[MATERIAL FOR THIS TASK]
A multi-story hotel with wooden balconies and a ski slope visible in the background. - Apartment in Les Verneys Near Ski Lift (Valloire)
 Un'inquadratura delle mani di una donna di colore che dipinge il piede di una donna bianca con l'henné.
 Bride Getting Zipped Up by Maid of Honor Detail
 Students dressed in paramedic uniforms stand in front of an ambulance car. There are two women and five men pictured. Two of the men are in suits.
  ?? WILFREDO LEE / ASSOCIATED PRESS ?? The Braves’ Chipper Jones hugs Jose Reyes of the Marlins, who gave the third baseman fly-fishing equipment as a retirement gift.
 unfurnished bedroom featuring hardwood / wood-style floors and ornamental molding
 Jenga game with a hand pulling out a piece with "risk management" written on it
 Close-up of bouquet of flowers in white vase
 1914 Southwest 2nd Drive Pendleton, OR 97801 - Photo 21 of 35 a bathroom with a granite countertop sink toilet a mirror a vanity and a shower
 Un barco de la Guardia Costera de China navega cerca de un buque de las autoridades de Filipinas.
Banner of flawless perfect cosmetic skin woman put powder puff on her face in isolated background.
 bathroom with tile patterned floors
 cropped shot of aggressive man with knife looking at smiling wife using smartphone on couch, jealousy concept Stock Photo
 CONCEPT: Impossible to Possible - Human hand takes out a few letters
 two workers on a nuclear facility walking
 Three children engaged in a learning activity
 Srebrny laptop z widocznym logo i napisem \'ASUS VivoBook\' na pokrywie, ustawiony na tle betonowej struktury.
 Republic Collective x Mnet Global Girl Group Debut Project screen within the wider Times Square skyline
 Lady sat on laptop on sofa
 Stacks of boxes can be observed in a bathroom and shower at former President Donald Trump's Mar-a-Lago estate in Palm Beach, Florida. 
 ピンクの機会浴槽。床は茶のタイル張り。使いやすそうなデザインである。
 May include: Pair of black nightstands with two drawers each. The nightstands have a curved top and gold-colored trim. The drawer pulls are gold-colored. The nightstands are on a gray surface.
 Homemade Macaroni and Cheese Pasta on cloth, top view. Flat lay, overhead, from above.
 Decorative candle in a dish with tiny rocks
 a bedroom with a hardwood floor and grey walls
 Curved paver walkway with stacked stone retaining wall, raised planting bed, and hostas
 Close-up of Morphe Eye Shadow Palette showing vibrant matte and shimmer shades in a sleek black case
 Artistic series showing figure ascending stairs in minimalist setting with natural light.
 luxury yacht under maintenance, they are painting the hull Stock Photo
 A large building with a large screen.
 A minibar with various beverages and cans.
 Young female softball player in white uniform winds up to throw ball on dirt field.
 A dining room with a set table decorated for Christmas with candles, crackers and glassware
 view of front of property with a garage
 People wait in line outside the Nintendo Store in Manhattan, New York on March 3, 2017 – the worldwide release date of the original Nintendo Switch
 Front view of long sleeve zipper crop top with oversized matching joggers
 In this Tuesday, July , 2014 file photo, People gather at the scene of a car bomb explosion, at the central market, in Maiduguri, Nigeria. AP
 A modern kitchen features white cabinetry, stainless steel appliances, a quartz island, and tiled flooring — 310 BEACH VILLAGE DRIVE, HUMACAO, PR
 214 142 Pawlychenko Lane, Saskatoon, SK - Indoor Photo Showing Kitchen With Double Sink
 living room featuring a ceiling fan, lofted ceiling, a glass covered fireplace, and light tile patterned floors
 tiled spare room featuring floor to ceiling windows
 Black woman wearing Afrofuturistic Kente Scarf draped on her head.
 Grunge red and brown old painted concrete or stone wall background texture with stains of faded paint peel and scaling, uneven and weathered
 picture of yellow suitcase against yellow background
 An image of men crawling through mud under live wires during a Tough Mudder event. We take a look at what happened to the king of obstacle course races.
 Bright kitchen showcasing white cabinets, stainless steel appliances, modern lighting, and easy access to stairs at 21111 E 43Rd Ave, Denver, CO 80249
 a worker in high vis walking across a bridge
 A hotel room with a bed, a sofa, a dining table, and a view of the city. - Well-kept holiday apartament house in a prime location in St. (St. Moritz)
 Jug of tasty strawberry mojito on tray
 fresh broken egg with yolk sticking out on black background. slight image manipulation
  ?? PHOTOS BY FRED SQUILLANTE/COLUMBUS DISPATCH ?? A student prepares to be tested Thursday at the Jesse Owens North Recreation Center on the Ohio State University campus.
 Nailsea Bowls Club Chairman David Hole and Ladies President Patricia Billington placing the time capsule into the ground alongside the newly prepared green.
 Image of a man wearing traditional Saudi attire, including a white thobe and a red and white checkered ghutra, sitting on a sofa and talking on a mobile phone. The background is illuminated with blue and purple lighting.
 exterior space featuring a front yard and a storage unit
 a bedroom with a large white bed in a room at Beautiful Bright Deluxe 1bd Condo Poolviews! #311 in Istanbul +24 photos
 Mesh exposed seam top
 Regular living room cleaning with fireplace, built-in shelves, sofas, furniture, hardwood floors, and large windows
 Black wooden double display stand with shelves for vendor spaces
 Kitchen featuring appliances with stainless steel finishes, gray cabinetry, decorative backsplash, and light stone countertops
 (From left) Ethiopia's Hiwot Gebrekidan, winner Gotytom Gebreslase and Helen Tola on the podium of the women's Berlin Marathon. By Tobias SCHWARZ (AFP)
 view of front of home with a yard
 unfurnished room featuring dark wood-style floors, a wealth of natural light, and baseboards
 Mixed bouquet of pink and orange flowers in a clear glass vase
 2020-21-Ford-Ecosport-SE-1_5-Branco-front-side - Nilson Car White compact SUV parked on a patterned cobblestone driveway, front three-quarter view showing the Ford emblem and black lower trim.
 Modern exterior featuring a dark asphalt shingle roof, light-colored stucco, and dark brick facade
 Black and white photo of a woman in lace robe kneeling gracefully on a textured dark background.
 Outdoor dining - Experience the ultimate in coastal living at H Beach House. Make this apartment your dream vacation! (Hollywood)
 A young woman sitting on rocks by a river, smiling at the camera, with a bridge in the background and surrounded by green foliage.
[/MATERIAL FOR THIS TASK]
• **WHAT THIS TASK INVOLVES**
If a line comes after the one with "bathroom with tile patterned floors", leave it out; reproduce exactly every line of the material from the first up to and including that one.

• **RESPONSE FOR THIS EXERCISE**
A multi-story hotel with wooden balconies and a ski slope visible in the background. - Apartment in Les Verneys Near Ski Lift (Valloire)
 Un'inquadratura delle mani di una donna di colore che dipinge il piede di una donna bianca con l'henné.
 Bride Getting Zipped Up by Maid of Honor Detail
 Students dressed in paramedic uniforms stand in front of an ambulance car. There are two women and five men pictured. Two of the men are in suits.
  ?? WILFREDO LEE / ASSOCIATED PRESS ?? The Braves’ Chipper Jones hugs Jose Reyes of the Marlins, who gave the third baseman fly-fishing equipment as a retirement gift.
 unfurnished bedroom featuring hardwood / wood-style floors and ornamental molding
 Jenga game with a hand pulling out a piece with "risk management" written on it
 Close-up of bouquet of flowers in white vase
 1914 Southwest 2nd Drive Pendleton, OR 97801 - Photo 21 of 35 a bathroom with a granite countertop sink toilet a mirror a vanity and a shower
 Un barco de la Guardia Costera de China navega cerca de un buque de las autoridades de Filipinas.
Banner of flawless perfect cosmetic skin woman put powder puff on her face in isolated background.
 bathroom with tile patterned floors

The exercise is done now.